### COLLECTED MATERIAL

☆ ☆ ☆ ☆ ☆ ☆ ☆

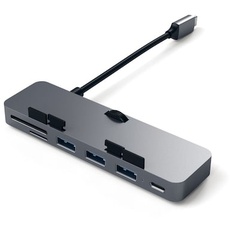 Bild USB-C Clamp Hub Pro Multi-Port Adapter Space Gray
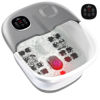Picture of Medical king Foot Spa with Heat and Massage and Jets Includes A Remote Control A Pumice Stone Collapsible Foot Spa Massager with Heat and Massage Bubbles and Vibration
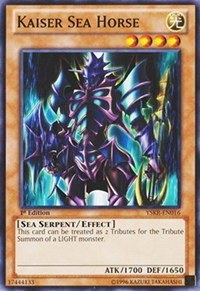 Kaiser Sea Horse - 1st Edition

☆ ☆ ☆ ☆ ☆ ☆ ☆

### TASK TO COMPLETE
All lines from the one containing "Picture of Medical" through the end of the data are to be restated exactly, with nothing else and without the pictures.

### TASK OUTPUT
Picture of Medical king Foot Spa with Heat and Massage and Jets Includes A Remote Control A Pumice Stone Collapsible Foot Spa Massager with Heat and Massage Bubbles and Vibration
 Kaiser Sea Horse - 1st Edition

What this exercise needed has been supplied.